-- Exercise description --
From the data that follows, print exactly the lines starting at the one containing "Vacant lot with" and ending at the one containing "A broken umbrella in the street"; include both of them and nothing more.

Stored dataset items
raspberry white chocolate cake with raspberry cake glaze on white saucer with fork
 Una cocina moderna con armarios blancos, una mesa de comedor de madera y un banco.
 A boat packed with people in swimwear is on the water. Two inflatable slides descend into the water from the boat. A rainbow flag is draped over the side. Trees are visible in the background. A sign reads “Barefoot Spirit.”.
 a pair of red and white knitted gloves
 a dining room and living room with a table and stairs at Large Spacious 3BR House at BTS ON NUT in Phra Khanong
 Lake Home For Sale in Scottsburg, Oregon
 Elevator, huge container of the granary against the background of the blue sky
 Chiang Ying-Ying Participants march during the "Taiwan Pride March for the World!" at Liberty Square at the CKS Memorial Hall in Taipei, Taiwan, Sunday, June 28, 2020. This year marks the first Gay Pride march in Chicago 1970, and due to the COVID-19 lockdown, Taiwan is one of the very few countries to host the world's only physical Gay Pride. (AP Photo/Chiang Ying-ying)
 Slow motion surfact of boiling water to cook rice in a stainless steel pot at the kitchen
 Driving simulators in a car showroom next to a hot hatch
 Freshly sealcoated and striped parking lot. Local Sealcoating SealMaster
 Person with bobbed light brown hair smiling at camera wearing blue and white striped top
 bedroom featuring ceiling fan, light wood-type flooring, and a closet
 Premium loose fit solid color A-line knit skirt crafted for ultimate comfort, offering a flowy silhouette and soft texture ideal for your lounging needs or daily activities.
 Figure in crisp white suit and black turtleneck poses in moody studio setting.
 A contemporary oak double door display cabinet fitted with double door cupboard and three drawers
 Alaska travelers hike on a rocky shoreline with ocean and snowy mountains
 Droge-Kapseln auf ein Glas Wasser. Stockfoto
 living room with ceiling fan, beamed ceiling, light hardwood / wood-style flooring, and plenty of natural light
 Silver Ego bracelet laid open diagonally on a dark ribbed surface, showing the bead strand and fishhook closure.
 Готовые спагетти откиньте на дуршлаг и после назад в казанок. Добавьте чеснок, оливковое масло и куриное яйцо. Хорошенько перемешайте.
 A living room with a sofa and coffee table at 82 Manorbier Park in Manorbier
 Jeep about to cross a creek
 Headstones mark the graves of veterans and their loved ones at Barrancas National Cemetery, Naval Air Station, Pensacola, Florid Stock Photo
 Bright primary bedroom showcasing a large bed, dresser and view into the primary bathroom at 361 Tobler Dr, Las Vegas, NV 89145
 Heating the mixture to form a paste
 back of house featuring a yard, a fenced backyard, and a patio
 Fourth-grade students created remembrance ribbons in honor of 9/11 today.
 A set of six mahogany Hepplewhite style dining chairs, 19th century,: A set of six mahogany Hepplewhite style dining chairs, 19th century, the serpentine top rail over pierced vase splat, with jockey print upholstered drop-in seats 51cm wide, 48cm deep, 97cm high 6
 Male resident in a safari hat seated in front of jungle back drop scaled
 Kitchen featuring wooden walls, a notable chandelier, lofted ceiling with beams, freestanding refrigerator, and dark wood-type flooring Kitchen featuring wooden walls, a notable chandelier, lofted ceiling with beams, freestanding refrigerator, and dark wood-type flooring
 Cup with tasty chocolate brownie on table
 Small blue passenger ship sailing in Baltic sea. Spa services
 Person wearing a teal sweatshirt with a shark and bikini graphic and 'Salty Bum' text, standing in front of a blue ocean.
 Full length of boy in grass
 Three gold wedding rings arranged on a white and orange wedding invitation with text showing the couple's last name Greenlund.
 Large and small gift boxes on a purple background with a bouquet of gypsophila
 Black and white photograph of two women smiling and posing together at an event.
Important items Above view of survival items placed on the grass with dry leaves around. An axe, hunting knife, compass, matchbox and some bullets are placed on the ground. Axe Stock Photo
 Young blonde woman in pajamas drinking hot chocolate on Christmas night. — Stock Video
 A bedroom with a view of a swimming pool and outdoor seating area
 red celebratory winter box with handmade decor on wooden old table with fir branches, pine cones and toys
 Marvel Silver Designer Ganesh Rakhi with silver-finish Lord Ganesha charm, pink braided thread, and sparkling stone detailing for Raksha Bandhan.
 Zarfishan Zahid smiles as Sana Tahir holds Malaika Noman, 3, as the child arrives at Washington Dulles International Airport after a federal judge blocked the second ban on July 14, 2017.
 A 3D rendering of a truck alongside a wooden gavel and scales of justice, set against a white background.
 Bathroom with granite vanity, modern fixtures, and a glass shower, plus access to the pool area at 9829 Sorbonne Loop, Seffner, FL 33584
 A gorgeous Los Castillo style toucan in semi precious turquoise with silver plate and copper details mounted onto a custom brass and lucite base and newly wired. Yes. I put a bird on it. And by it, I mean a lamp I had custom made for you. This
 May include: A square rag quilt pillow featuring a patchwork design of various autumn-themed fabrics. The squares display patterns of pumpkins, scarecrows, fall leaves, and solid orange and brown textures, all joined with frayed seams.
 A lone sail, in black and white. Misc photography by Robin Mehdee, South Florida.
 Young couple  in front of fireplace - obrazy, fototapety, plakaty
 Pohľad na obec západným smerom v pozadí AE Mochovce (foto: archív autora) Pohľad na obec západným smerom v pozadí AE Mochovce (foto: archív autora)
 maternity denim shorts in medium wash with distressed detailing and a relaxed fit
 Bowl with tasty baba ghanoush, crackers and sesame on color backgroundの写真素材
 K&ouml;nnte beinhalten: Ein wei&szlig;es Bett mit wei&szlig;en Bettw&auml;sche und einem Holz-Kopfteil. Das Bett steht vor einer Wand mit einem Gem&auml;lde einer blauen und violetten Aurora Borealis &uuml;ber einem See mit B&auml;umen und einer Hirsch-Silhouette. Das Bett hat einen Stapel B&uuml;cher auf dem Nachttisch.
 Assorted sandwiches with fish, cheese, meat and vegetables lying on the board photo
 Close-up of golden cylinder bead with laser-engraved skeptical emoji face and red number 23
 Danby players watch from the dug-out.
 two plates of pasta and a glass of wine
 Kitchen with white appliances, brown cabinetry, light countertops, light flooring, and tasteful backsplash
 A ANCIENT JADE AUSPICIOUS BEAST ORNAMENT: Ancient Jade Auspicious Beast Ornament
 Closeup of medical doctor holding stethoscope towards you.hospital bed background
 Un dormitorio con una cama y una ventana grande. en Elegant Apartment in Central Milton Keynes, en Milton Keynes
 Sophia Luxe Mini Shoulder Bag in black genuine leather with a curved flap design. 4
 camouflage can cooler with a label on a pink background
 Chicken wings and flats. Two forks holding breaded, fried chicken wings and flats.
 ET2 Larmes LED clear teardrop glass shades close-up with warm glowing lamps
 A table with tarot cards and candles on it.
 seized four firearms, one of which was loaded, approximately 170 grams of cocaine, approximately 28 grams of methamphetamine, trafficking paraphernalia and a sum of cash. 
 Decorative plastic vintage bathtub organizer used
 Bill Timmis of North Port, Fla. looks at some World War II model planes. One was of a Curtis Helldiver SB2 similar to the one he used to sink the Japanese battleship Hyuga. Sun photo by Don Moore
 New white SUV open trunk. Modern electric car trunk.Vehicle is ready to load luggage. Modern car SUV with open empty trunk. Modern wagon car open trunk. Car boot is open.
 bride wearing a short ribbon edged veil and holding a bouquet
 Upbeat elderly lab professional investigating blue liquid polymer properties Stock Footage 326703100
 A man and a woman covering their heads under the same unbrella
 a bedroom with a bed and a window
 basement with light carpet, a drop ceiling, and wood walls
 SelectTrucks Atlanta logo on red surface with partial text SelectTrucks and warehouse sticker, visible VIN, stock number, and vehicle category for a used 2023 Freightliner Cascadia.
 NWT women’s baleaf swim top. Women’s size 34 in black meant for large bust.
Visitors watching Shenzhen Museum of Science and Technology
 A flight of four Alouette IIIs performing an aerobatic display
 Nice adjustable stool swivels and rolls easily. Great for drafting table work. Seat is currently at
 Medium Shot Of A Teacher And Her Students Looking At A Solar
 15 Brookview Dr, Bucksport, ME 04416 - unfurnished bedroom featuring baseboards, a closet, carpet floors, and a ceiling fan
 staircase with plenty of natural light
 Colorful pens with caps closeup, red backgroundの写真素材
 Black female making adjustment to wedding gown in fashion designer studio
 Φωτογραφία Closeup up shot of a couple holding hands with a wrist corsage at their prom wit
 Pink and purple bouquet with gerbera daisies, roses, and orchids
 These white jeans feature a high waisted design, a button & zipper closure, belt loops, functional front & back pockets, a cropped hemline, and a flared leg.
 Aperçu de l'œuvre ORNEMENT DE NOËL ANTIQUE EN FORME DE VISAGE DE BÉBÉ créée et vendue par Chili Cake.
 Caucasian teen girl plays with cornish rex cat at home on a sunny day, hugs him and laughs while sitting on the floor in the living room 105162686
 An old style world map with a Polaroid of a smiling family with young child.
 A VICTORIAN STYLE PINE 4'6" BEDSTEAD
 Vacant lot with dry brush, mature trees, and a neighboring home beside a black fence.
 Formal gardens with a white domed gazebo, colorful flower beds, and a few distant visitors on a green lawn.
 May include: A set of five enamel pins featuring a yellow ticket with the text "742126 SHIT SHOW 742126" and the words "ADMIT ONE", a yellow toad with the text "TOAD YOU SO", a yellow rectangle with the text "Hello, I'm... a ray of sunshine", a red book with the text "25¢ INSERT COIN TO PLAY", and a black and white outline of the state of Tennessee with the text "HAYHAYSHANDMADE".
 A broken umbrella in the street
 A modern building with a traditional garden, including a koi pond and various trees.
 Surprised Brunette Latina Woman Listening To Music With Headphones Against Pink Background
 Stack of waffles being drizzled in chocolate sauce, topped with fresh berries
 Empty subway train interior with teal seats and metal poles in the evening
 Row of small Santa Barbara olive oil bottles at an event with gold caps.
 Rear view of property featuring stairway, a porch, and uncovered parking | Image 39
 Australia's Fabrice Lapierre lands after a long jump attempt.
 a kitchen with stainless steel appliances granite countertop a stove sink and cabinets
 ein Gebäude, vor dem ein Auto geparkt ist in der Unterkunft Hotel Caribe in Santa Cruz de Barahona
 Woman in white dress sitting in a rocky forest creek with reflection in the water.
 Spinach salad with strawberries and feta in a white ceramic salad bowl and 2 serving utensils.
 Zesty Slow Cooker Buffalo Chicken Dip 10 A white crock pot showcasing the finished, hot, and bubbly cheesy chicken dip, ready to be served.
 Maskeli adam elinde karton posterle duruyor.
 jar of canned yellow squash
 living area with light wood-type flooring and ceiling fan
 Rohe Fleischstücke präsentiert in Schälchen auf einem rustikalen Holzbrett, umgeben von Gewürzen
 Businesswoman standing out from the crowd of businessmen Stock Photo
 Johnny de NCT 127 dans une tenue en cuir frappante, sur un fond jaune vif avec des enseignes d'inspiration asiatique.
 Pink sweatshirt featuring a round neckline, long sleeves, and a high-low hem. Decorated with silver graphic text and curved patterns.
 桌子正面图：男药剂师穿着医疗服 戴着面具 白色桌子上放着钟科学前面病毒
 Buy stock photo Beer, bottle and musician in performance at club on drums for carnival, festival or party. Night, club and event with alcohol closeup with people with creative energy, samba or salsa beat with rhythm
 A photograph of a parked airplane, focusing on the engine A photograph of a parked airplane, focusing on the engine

-- Exercise output --
 Vacant lot with dry brush, mature trees, and a neighboring home beside a black fence.
 Formal gardens with a white domed gazebo, colorful flower beds, and a few distant visitors on a green lawn.
 May include: A set of five enamel pins featuring a yellow ticket with the text "742126 SHIT SHOW 742126" and the words "ADMIT ONE", a yellow toad with the text "TOAD YOU SO", a yellow rectangle with the text "Hello, I'm... a ray of sunshine", a red book with the text "25¢ INSERT COIN TO PLAY", and a black and white outline of the state of Tennessee with the text "HAYHAYSHANDMADE".
 A broken umbrella in the street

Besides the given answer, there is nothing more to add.